YOUR TASK
Images are to be dropped, and the rest of the data reproduced exactly.

AVAILABLE DATA
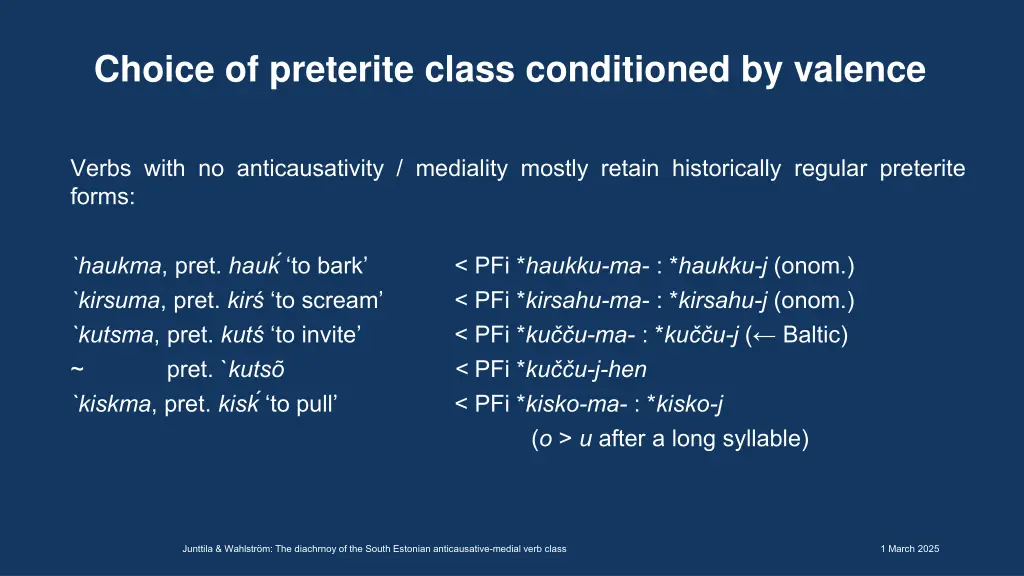 choice of preterite class conditioned by valence 1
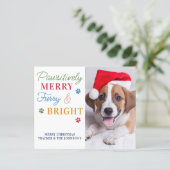 Budget Pet Photo Furry & Bright Dog Holiday Kaart (Staand voorkant)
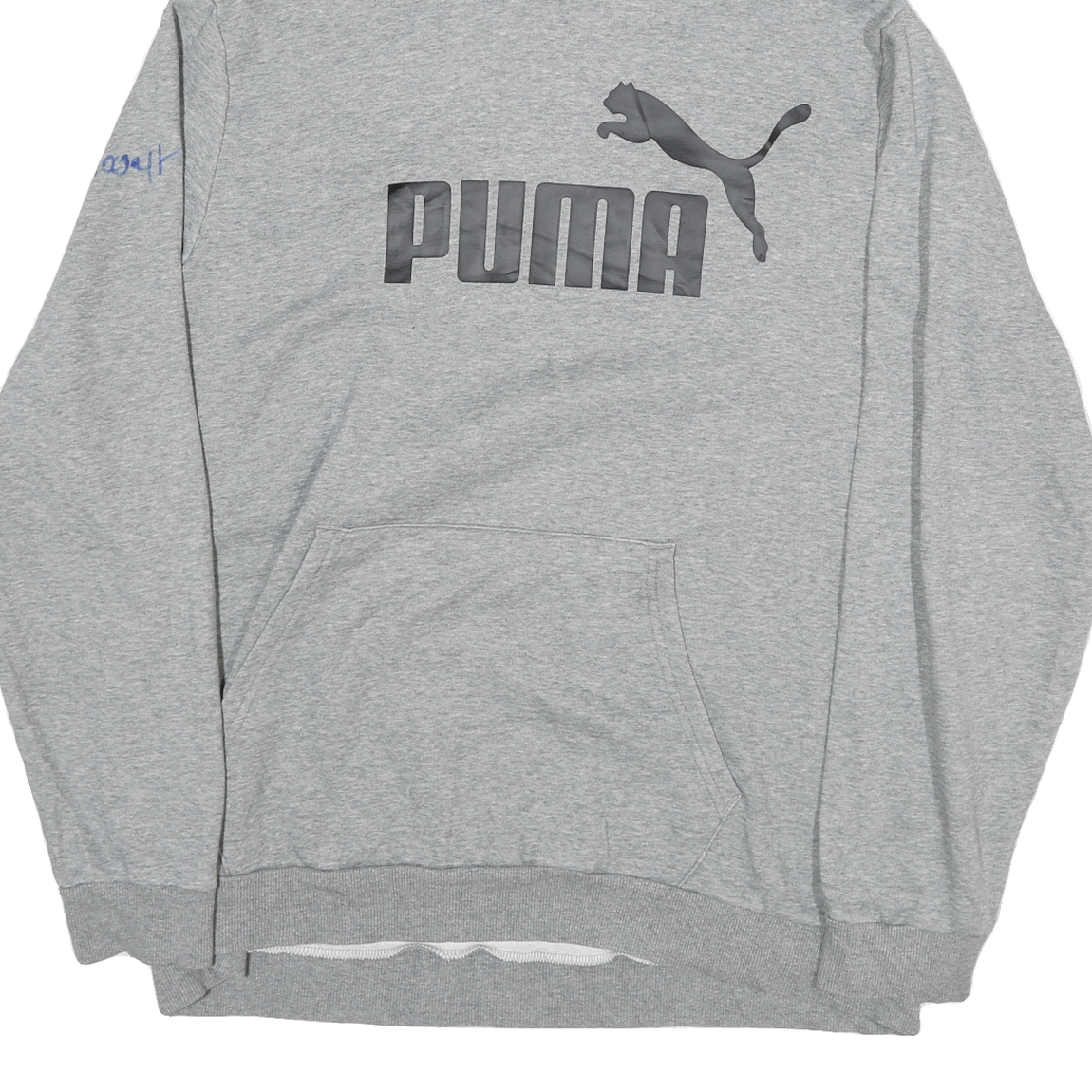 PUMA Mens Grey Pullover Hoodie XL Cotton Blend Drawstring Hood Kangaroo Pocket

EXERCISE ANSWER
 choice of preterite class conditioned by valence 1
 Budget Pet Photo Furry & Bright Dog Holiday Kaart (Staand voorkant)
 PUMA Mens Grey Pullover Hoodie XL Cotton Blend Drawstring Hood Kangaroo Pocket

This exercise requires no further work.